Die Folge der Schwarzweiß-Aufnahmen „Weltraumflieger“ von 2014 eröffnet Blicke in nächtliche Kosmen, in denen Scheiben und Reifen, Lampensterne und Leuchtkugeln erstrahlen und die fast wie romantische Nachtbilder anmuten. Einer ähnlichen Fotografie hat Neumann die Unterschrift „Unruhige Nachtzone – gesehen am 28. 11. 1968 in Delmenhorst“ hinzugefügt und sich so augenzwinkernd ein fiktives Jugendwerk geschaffen: Während anderswo die APO demonstrierte und es an der Düsseldorfer Kunstakademie zu Auseinandersetzungen um die Lehrtätigkeit von Joseph Beuys kam, hat der Zwölfjährige in seiner Geburtsstadt in die Sterne geschaut…

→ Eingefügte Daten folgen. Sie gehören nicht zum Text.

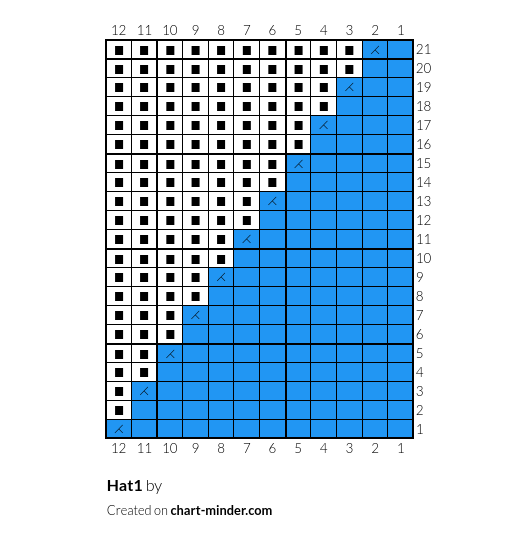 Hat1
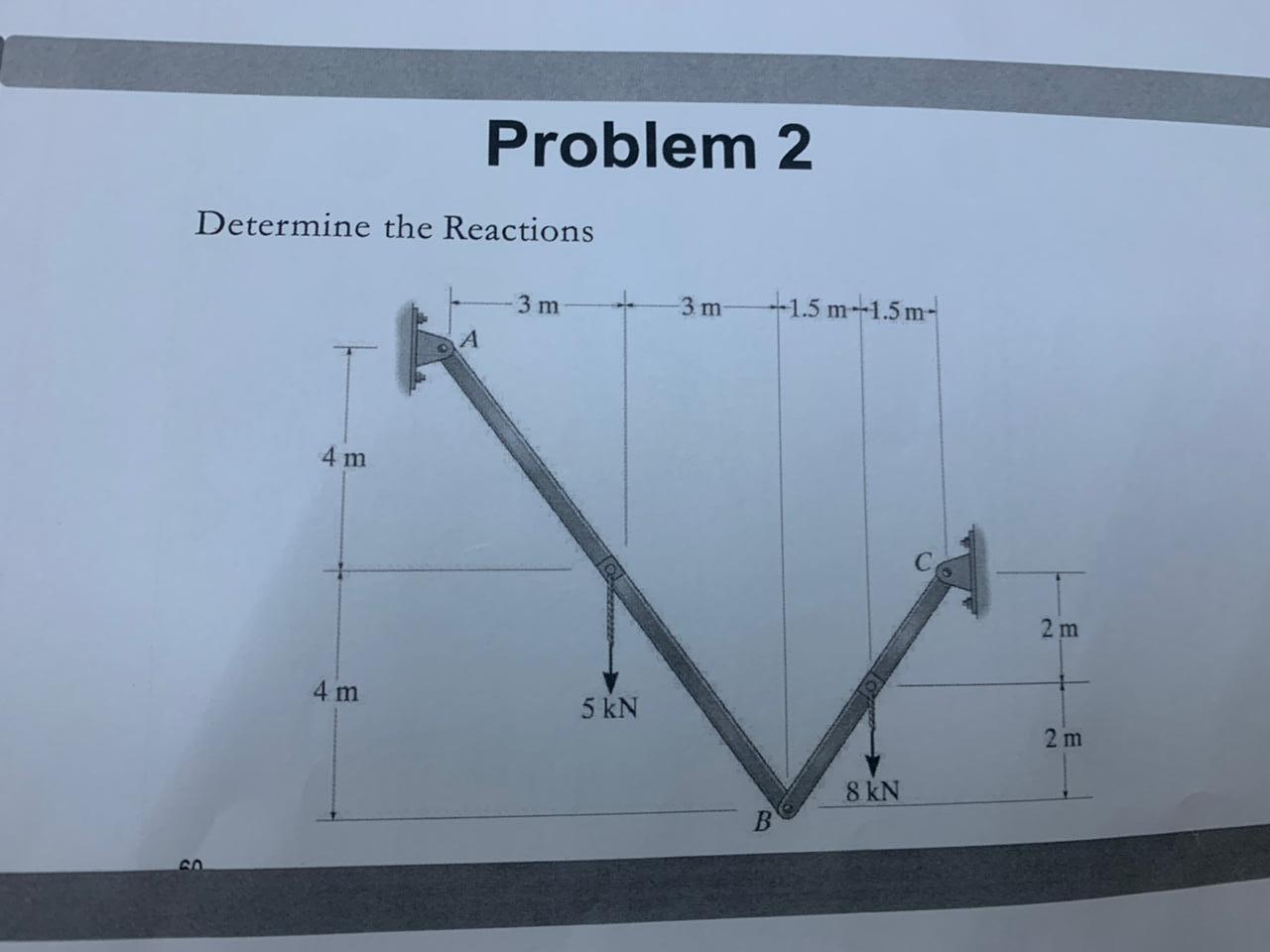 Solved Problem 2 Determine The Reactions | Chegg.com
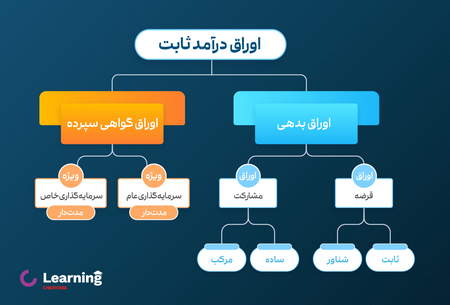 آیا بی اعتمادی نسبت به بورس پایان یافته است؟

Aus der Serie „Weltraumflieger“, 2014
Drei mit Neumann befreundete (ehemalige) HBK-Studierende, Künstler und Partner wurden eingeladen, sich mit eigenen, auf Neumann bezogenen Werken an der Ausstellung zu beteiligen: Tim Berresheim (geb. 1975) schuf computergenerierte Arbeiten, deren Bildelemente z.T. der Kunst von Neumann entnommen sind; Michael Bauer (geb. 1973) zeigt Aufnahmen, die anlässlich einer 2004 mit Neumann durchgeführten Foto-Performance entstanden; Sam Evans (geb. 1995), die noch bei Neumann studiert, hat diesem die Serie „Lange beobachtete der Beobachter seinen Lebensraum“ gewidmet, analoge Schwarzweiß-Fotografien, gedruckt auf Barytpapier und handkoloriert. Dabei verlagert sie das Thema auf die Beobachtung zweiter Ordnung, wie in der Kybernetik die Beobachtung von Beobachtung genannt wird. Sehr sehenswert!